Get lost, Frodo and company. Liv Tyler, you can stay. But recognize, today, it’s the USA U19s who are the toast of New Zealand.
In an event we’ve had a fun time following this summer at RTC, the USA Under-19 squad took the gold medal at the Under-19 World Championships in Auckland, New Zealand over the weekend, going a perfect 9-0 for the tournament. Tyshawn Taylor (Kansas) led the Americans with 18p/2r/6a/5s in the finals against the U19s from Greece, with UTEP’s Arnett Moultrie adding 10p/9r/2a. The USA placed two players on the All-Tournament Team (which, in New Zealand, is apparently called the “All-Star Five”), namely Taylor, and Butler’s Gordon Hayward. The title is the Americans’ first in this competition since 1991. Incidentally, if you’d like another name to watch out for (we had previously told you about Rutgers’ Mike Rosario who played for the Puerto Rico U19s and the 54 he plopped on last-place France), don’t forget Croatia’s Mario Delas. He was named the tournament’s MVP and is currently set to go 18th on nbadraft.net’s 2011 mock draft.

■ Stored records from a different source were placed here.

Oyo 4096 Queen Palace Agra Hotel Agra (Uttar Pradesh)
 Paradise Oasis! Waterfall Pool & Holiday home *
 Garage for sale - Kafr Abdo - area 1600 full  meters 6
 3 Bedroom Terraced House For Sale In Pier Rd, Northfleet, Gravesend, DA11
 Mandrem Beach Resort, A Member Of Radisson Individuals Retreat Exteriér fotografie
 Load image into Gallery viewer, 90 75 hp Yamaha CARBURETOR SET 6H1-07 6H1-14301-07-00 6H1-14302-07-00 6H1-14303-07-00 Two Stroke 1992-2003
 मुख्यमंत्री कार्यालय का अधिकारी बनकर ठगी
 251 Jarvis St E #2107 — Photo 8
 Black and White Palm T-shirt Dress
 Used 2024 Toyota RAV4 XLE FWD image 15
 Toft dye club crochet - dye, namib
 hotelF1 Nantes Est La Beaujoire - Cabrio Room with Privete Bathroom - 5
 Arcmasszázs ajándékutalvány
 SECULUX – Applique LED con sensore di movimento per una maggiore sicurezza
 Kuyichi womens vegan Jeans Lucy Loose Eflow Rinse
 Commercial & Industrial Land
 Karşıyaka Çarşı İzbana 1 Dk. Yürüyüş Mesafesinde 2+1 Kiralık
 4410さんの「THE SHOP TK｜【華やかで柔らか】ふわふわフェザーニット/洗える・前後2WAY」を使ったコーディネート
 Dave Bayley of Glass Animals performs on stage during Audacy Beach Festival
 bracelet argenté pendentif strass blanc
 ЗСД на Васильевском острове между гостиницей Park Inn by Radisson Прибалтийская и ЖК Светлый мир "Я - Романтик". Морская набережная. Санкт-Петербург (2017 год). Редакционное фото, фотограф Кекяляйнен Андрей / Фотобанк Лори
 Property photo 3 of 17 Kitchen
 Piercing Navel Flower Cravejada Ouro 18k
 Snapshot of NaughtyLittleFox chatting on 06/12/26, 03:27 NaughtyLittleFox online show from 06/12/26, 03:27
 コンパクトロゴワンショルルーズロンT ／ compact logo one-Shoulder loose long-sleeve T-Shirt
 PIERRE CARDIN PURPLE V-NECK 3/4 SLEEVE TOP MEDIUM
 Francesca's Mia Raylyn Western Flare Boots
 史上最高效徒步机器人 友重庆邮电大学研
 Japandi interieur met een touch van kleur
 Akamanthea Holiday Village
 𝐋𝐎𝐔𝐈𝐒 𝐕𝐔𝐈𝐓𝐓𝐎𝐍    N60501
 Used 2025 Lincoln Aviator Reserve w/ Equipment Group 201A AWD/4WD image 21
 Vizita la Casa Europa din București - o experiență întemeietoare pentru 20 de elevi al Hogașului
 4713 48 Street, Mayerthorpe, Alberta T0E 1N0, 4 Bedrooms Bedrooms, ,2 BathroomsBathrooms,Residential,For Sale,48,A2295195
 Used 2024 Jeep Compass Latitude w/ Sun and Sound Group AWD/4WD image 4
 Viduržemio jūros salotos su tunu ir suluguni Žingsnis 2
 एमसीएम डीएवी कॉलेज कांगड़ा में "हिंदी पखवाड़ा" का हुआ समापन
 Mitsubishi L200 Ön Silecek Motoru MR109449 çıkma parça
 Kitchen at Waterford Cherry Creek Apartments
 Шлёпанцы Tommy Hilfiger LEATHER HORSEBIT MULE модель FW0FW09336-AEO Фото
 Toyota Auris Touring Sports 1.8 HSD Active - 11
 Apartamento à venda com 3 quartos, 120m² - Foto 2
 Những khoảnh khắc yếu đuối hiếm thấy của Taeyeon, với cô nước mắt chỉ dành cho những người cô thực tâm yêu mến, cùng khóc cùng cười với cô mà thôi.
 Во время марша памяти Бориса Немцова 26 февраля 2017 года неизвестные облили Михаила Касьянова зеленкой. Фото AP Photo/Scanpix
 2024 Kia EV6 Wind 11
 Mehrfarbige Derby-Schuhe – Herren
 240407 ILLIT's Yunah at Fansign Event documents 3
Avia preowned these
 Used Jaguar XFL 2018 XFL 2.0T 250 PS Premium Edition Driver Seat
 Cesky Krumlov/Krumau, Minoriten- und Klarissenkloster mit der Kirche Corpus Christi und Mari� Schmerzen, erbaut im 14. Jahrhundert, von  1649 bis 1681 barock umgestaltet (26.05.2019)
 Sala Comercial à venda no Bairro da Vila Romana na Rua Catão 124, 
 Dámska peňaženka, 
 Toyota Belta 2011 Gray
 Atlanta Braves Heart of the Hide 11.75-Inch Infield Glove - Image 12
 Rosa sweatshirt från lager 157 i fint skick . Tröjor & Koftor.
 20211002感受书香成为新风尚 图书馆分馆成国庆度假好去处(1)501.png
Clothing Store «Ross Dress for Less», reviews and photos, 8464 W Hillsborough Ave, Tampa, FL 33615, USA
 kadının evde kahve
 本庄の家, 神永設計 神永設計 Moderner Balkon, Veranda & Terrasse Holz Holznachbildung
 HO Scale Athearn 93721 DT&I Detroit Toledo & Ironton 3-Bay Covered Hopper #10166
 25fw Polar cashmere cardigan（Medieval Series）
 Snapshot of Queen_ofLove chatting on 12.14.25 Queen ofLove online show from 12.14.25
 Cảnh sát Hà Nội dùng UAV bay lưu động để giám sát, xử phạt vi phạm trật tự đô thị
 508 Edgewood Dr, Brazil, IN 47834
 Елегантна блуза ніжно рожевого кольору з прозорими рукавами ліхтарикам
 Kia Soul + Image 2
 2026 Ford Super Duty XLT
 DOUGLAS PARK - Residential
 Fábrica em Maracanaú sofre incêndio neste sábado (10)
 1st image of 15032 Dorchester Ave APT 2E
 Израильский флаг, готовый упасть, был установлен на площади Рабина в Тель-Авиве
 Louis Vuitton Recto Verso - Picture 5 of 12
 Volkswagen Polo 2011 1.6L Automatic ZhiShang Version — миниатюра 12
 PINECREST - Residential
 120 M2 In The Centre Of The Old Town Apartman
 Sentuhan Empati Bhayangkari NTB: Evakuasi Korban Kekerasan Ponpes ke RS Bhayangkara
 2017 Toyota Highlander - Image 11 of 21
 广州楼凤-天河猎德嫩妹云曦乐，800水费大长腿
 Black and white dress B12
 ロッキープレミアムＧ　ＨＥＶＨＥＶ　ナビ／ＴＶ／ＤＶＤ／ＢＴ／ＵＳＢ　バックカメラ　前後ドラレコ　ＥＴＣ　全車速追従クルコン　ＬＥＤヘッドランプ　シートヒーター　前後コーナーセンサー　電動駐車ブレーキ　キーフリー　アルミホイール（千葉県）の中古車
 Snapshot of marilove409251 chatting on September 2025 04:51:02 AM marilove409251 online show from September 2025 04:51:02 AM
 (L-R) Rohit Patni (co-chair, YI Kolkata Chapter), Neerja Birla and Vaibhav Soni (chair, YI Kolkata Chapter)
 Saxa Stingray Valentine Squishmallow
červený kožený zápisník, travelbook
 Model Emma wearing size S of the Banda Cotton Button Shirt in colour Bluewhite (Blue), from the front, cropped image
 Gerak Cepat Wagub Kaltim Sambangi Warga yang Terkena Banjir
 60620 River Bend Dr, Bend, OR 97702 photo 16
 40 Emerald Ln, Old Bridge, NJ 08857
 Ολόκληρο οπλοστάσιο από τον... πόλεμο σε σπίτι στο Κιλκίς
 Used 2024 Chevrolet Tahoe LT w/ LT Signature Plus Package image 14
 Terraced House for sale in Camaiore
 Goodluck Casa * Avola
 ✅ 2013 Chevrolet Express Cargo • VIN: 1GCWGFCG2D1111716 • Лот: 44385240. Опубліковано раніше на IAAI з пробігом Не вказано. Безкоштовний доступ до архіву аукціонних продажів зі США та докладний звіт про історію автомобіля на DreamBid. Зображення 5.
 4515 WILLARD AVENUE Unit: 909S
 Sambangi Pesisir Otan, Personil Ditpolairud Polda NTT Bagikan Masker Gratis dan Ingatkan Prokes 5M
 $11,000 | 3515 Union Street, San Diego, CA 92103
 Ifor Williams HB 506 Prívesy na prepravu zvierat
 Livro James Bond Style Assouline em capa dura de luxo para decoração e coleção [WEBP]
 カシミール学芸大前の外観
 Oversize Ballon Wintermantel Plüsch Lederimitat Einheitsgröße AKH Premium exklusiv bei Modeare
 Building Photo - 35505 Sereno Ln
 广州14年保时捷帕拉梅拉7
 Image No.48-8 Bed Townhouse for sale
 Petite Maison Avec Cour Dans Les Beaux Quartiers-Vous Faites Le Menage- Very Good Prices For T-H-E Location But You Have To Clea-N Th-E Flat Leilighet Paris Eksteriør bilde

The final against Greece was indicative of the entire tournament for the US squad in that it was a true team effort. In the final, all but one player on the team played at least 11 minutes and there were seven players who contributed at least seven points. Jamie Dixon (Pitt), Matt Painter (Purdue) and Chris Lowery (Southern Illinois) crafted a US team with players suited for those crazy, confounded international rules, not to mention one that produced an extremely balanced attack, and they brought home the hardware.
Of course, the big question is what each individual player will take from this experience — besides a sweet gold medal which looks a little like a NYC subway MetroCard tied to a lanyard, and what I’m sure are some lovely photos of the NZ countryside — and how he’ll apply it to the rest of his college career. Travel of this nature can only help to broaden a young man’s mind; and we all know that everyone wants to beat the tar out of the United States whenever they get the chance and that everyone guns for us. That’s a sentiment some guys on this team (like Taylor from Kansas, Darius Miller from Kentucky, eventually Seth Curry from Duke) might be used to, and while that environment provides invaluable experience for everyone involved, it’s especially good for players from smaller programs. Doesn’t look like Moultrie or Hayward had a problem with it, eh? It’ll also be interesting to see if Southern Illinois makes a jump forward this year with Lowery having spent quality time around two of the best in the business in Dixon and Painter. In any event, great work all around, gentlemen! Enjoy showin’ off the new bling.